Again rescaling the spatial coordinate according to \(\xi = \rho _u s_L c_p / \lambda\), we obtain:

$$\frac{\partial c}{\partial \xi }=\frac{\partial ^2 c}{\partial \xi ^2}+\omega (c,\phi )$$

(28)

and

$$\frac{\partial \phi }{\partial \xi }=\frac{1}{Le}\frac{\partial ^2 \phi }{\partial \xi ^2}+\omega (c,\phi )$$

(29)

where now the chemical source term depends not only on c but also on \(\phi\):

$$\omega (c,\phi )=\Lambda _{Le} \left( 1-\alpha (1-c)\right) ^{\beta _1-1} (1-\phi )exp\left( -\frac{\beta (1-c)}{1-\alpha (1-c)}\right)$$

(30)

The prefactor \(\Lambda _{Le}=\lambda /(c_p \rho _u^2 s_L^2)\) in the source term represents the Lewis-dependent eigenvalue of the transport equations, which needs to chosen such that the boundary conditions \(c,\phi = 0\) for \(\xi \rightarrow -\infty\) and \(c,\phi = 1\) for \(\xi \rightarrow +\infty\) are fulfilled simultaneously. For \(Le=1\), it is obvious that \(\phi (\xi )\equiv c(\xi )\) solves both Eqs. (28, 29) with the given boundary conditions and \(\Lambda\) chosen as described above.

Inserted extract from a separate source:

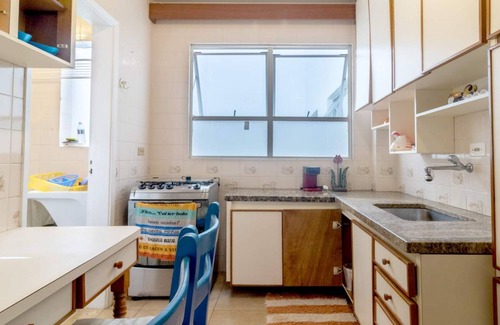 Loteamento Joao Batista Juliao Apartment | Cobertura no Guaruja a Passos da Praia da Enseada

From numerical integration of Eqs. (28, 29), varying \(\Lambda _{Le}\) to fulfill the boundary conditions we find (maybe not surprisingly) that \(c(\xi )'s\) for \(Le \ne 1\) are almost identical to \(c(\xi )\) for Le=1, while the \(\phi (\xi )\) are more diffuse for \(Le<1\) and less diffuse for \(Le>1\). We find also, that \((1-\phi )\) is closely proportional to \((1-c)\) in the region where the source term \(\omega (c,\phi )\) is notably different from zero.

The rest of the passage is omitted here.